Question 2 - Inference for Model 1 [Total 20 marks]
Overall presentation [2 marks]
Below is the R model summary output for Model 1.
Call:
lm(formula = log(price) ~ width + clarity, data = dia)
Residuals:
Min 1Q Median 3Q Max
-0.50945 -0.14158 0.00013 0.15015 1.61367
Coefficients:
Estimate Std. Error t value Pr(>|t|)
(Intercept) 1.02797 0.09393 10.94 <2e-16 ***
width 1.06700 0.01550 68.86 <2e-16 ***
clarityVS1 0.76968 0.03162 24.34 <2e-16 ***
clarityVVS1 0.98182 0.03863 25.42 <2e-16 ***
clarityIF 1.10449 0.04935 22.38 <2e-16 ***
---
Signif. codes: 0 '***' 0.001 '**' 0.01 '*' 0.05 '.' 0.1 ' ' 1
Residual standard error: 0.214 on 395 degrees of freedom
Multiple R-squared: 0.9261, Adjusted R-squared: 0.9253
F-statistic: 1237 on 4 and 395 DF, p-value: < 2.2e-16
(a) [2 marks] Predict the price (in US Dollars) for a diamond that has a clarity rating I1 and a width of 5.5 mm. Explain how this can be computed from the information provided in the model summary above.

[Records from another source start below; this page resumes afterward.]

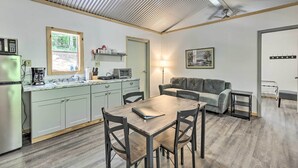 A compact kitchen with a dining area, a sofa, and a small table. - Tallassee Cabin w/ Forest Views Near Creek! (Tallassee)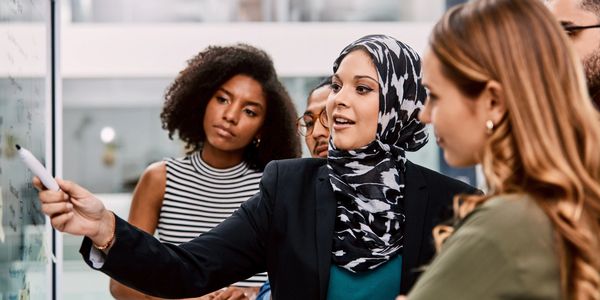 A diverse team collaborating and discussing ideas at a whiteboard.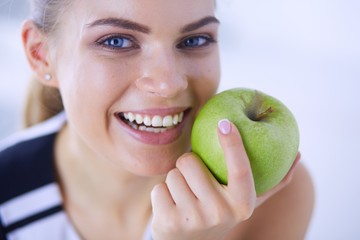 Close up portrait of healthy smiling woman with green apple.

(b) [3 marks] Give a quantitative interpretation of the estimated coefficient for clarityIF with respect to price (in US Dollars).
(c) [7 marks] The row for clarityVS1 reports on a hypothesis test. Assuming a 5% significance level, explain which hypothesis test is performed and how the result should be interpreted. Make sure to clearly state
• the null and alternative hypothesis;• an algebraic expression for the test statistic;• the distribution of the test statistic under the null hypothesis;• the observed value of the test statistic;• a comparison of the p-value with the significance level;• the outcome of the test;• the conclusion that can be drawn from the outcome of the test.
(d) [2 marks] Explain how an unbiased estimate for the error variance ‡2 can be derived from the model summary output and report the estimate.
(e) [4 marks] Consider an internally flawless diamond with a width of 5.34 mm. In R compute a 95% prediction interval for the log-price of such a diamond and report the interval. Explain how to derive from this a 95% prediction interval for the price of this diamond. Report the 95% prediction interval for the price of this diamond.